Wednesday, December 20, 2017

Why Librarians Scrape Data

It all started here:

Created at:

Tue, Nov 28, 2017 at 10:24 AM (Delivered after 87 seconds)

From:

Brad Coffield

To:

CODE4LIB@lists.clir.org

Subject:

[CODE4LIB] Anyone web scraping to benefit their library?


I thought this email thread would be interesting to summarize and report back to the general web in a way that a computer can't, yet. The resulting 10+ email as of December 12 were summarized, de-duplicated, and categorized under three main themes:

#1 - Fixing the Web

You could describe all of the ideas that came up in this category as ultimately fixing some functionality in a website or (vendor) system that hasn't been built-in yet or isn't available for some other reason. Web scraping allows you to work around this and collect data how and when you want it and in most cases is pretty easy to do once you have the right software.
  • Creating APIs where there are none
  • Modify RSS Feeds
  • Collecting wishlist info

#2 - Doing the Work

The 21st century librarian is steeped in data not just as a gatekeeper but as a caretaker as well. Web scraping and ETL tools are the backbone of the profession in this sense. Software in this case might be specialized or at least require reading a trip to README.txt or finding a walk-through.
  • Collecting and aggregating search results in vendor databases
  • Archiving for Archive.org with WGET
  • QA and double-checking your work when you push up to a larger catalog system or databases

#3 - Pure Computation

Third and final, there are the data nerds out there who use scraping as a way to generate more data for further analysis. They are collecting data in the most general sense of the word, and working with it in novel ways.

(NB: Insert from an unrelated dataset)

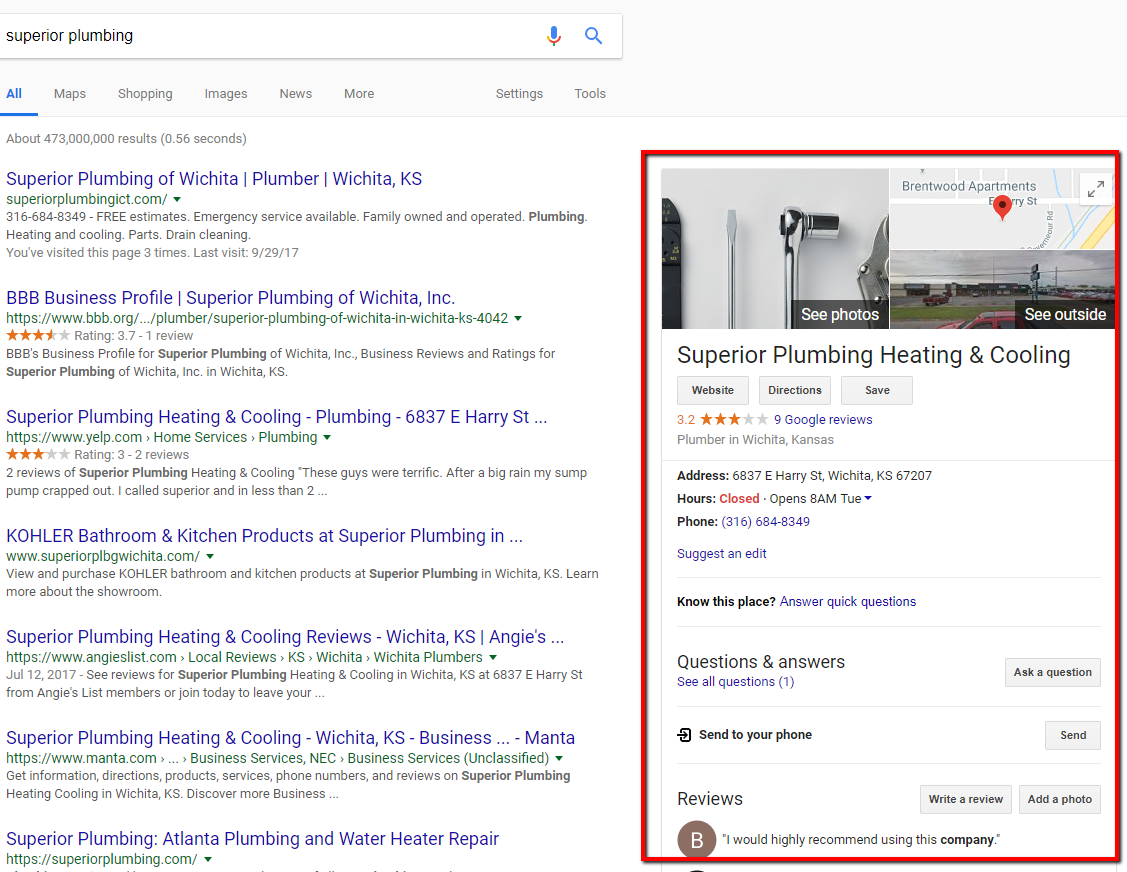 image012 - Which plumber (in Wichita) will dominate Google in 2018?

This can range in difficulty from super easy if it's consistent to super difficult if it's not.

  • Scientific data (NOAA and other government agencies)
  • Import XLM function in Google Sheets
  • Interacting with Wikis and Wiki-like sites
  • Getting at Pre-combined or Pre-proceesed Data

One thing I noticed in doing this is that this breakdown seems to coincide with library roles fairly well, in the sense that system librarians might be doing activities that public services would not, but that idea is for another time, place, and blog post.